Kepala Badan Gizi Nasional (BGN) Sudaryono (Tengah) memberikan keterangan pers di Jakarta, Senin (27/7/2026). BGN menutup permanen 833 dapur Program Makan Bergizi Gratis (MBG) yang terbukti melakukan pelanggaran fatal. Seluruh dapur yang dikenai sanksi tidak akan menerima pembayaran maupun kompensasi dari pemerintah. Foto/Dok: Humas BGN

JAKARTA, NEINEWS – Badan Gizi Nasional (BGN) menutup secara permanen sebanyak 833 dapur pelaksana Program Makan Bergizi Gratis (MBG) hingga Senin (27/7/2026). Penutupan dilakukan setelah ditemukan berbagai pelanggaran yang dinilai serius dan tidak dapat lagi ditoleransi.
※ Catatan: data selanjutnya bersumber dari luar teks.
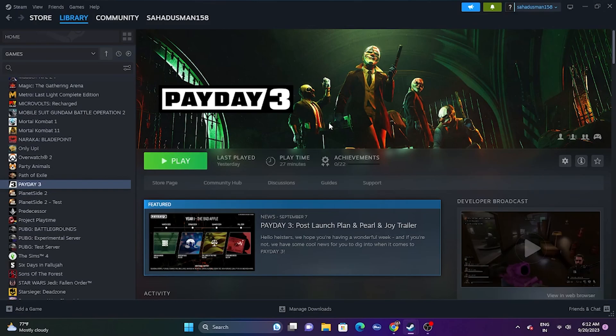Hello everyone, welcome back to Gaming Flow. In this video we're going to talk about how to fix Payday 3 crashing issues, not launching or won't launch, freezing, stuttering, lagging, low FPS drop, stuck on loading screen, and even the black screen issue which is happening for many users right now.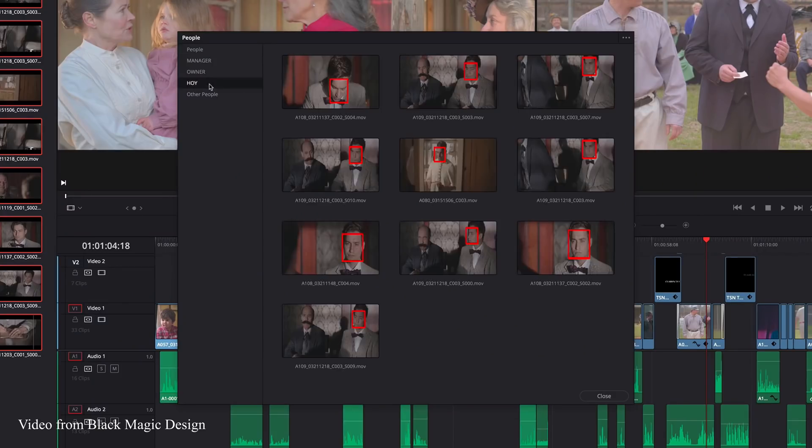One of my all-time favorite new features is the facial recognition in the DaVinci Neural Engine. You can select a bunch of clips, do a facial analysis, and — similar to Google Photos or Apple Photos — it analyzes faces and creates smart bins based on those people. You can rename each person, which is really handy when you have a lot of clips to sort through. I had a project last year with 50-60 interviews, and it was very hard to identify who people were when clients referenced them. With facial recognition, I could name each person and then quickly pull up any shot of them.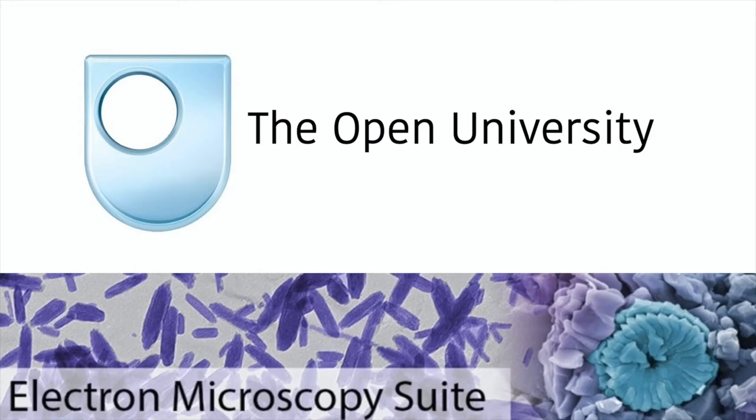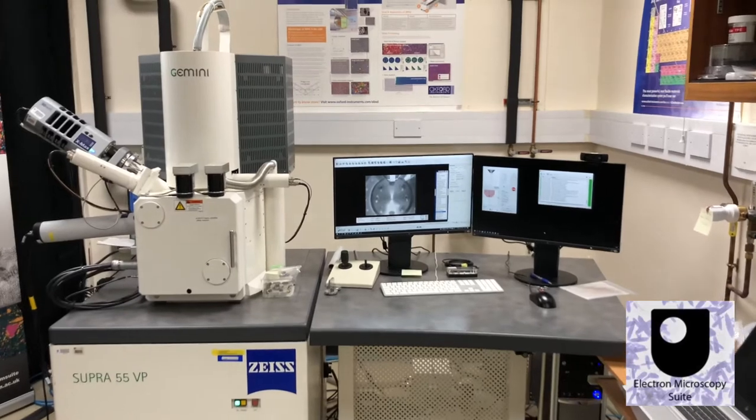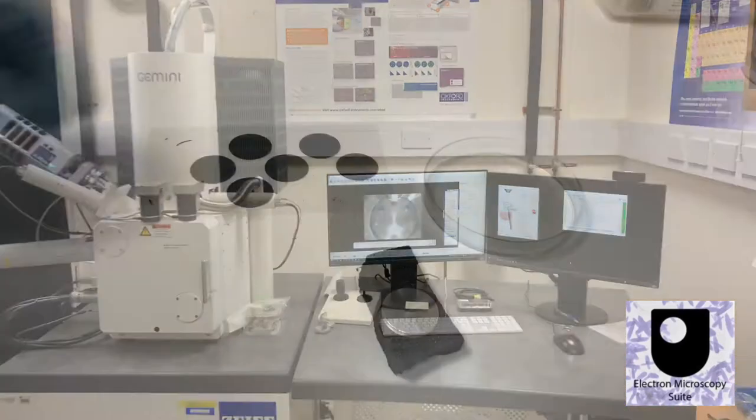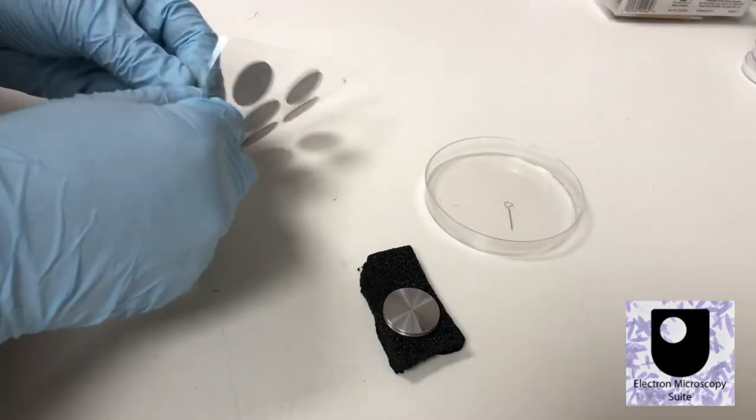The electron microscope is a floor-standing instrument consisting of a vacuum chamber, electron gun, and various detectors.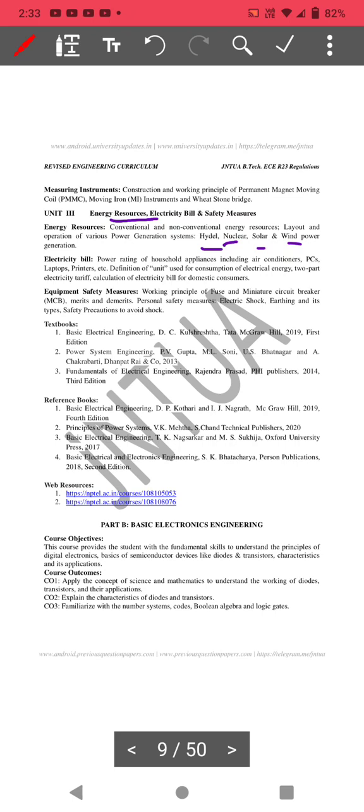Coming to another topic: electricity bill and electric shock. For electricity bill, what is meant by one unit? One unit means one kilowatt-hour. Power rating of household appliances including air conditioner, laptops, printers, etc. There is one experiment also for BEEE lab based on that. What is meant by energy consumption? One unit means one kilowatt-hour only. What are the tariffs? Two-part tariff and electricity calculation.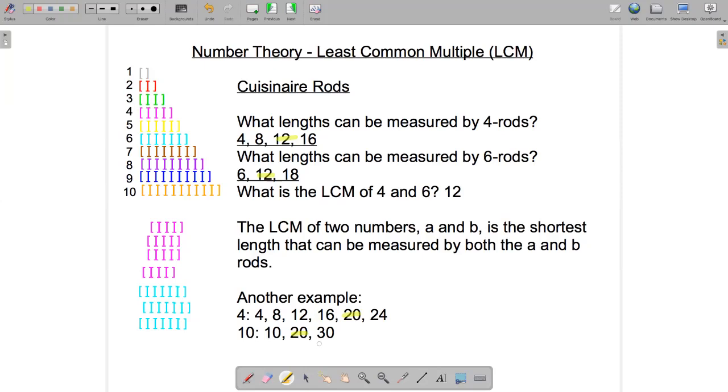We'll continue in part two of this video by looking at how to write repeating decimals as fractions.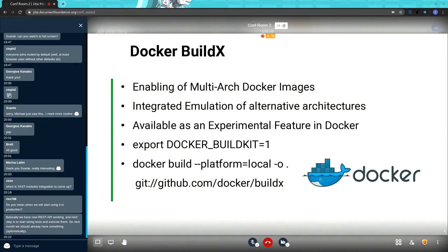This feature is available as an experimental feature in Docker, so you have to enable experimental features for now. In future Docker versions, experimental features will no longer be required, as that was reported last week. You do need the export of Docker BuildKit, and with the Docker Build X command you will get multi-arch build capability from the buildx repository inside your local Docker repository, so you can build multi-arch images on your PC.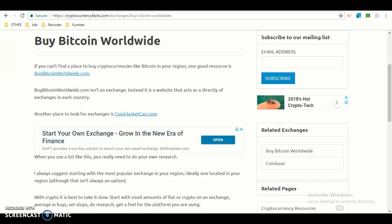What's up guys, I'll do another video on Buy Bitcoin Worldwide. Today I'll be reading some sentences about Buy Bitcoin Worldwide.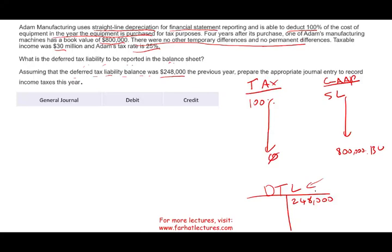They told you that in the year of purchase they can deduct the whole thing. Therefore for tax purposes, whatever the cost was, cost minus accumulated depreciation for the full amount gave a book value of zero. You took advantage of that purchase four years ago, so you paid less to the IRS that year. That means for future years you are going to have a deferred tax liability — and that's why we have one here.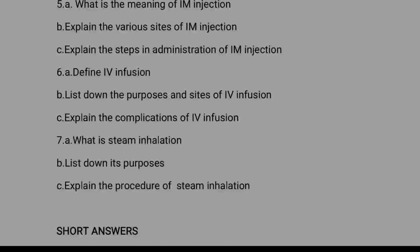Explain the purpose and principles of oral medication. What is the meaning of IM injection? Next, explain the routes and sites of IM injection. Explain the steps in administration of IM injection.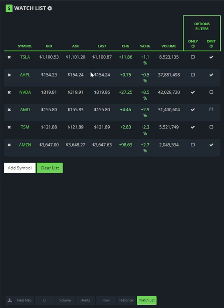Now you can see over on this side I have two different options: I have the only side and I have the omit side.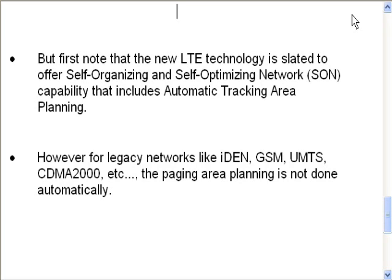However, for legacy networks like iDEN, GSM, UMTS, CDMA 2000, etc., the paging area planning is not done automatically.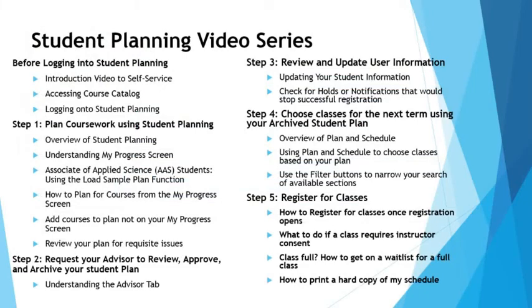This concludes the video overview of plan and schedule. Continue on into the series to select classes to create your schedule for the term.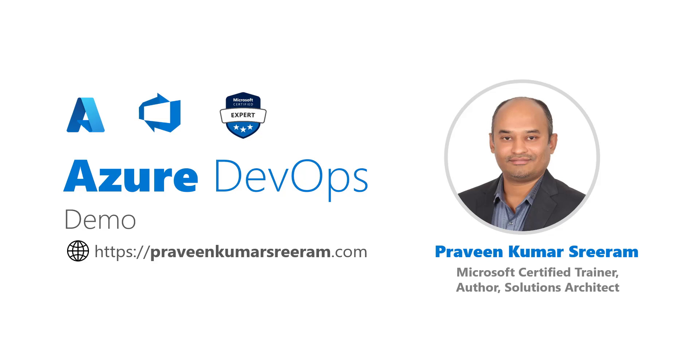Hello everyone, welcome back. My name is Praveen Kumar Sriram. I'm a Microsoft Certified Trainer, Author and currently working as a Solutions Architect on Azure.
Kepala BGN, Sudaryono, mengatakan ratusan dapur tersebut diberhentikan permanen karena melakukan pelanggaran fatal terhadap ketentuan pelaksanaan program MBG.

“Dapur yang di-suspend secara permanen ini bukan seperti sebelumnya. Dulu memang di-suspend tetapi tetap dibayar. Kalau yang sekarang sudah suspend, tutup, dan tidak dibayar. Ini benar-benar karena pelanggaran,” ujar Sudaryono dalam konferensi pers di Kantor BGN, Jakarta, Senin (27/7/2026), sebagaimana dikutip dari CNBC Indonesia.

Sudaryono merinci, dari total 833 dapur yang ditutup permanen tersebut, sebanyak 98 dapur berada di Wilayah I Sumatra, 311 dapur di Wilayah II Jawa dan Madura, serta 424 dapur di Wilayah III.

Menurutnya, pemerintah tidak akan memberikan pembayaran maupun kompensasi kepada pengelola dapur yang telah dikenai sanksi penutupan permanen. Kebijakan tersebut merupakan bentuk penegakan disiplin dan komitmen pemerintah dalam menjaga kualitas pelaksanaan Program Makan Bergizi Gratis.

BGN menegaskan bahwa seluruh mitra penyedia makanan wajib memenuhi standar operasional, keamanan pangan, kebersihan, serta tata kelola yang telah ditetapkan. Pelanggaran terhadap ketentuan tersebut akan dikenakan sanksi tegas, termasuk penghentian kerja sama secara permanen.

Program Makan Bergizi Gratis merupakan salah satu program prioritas pemerintah yang ditujukan untuk meningkatkan kualitas gizi masyarakat, khususnya peserta didik. Karena itu, BGN memastikan pengawasan terhadap seluruh dapur penyedia makanan akan terus diperketat guna menjamin keamanan dan mutu makanan yang diterima para penerima manfaat.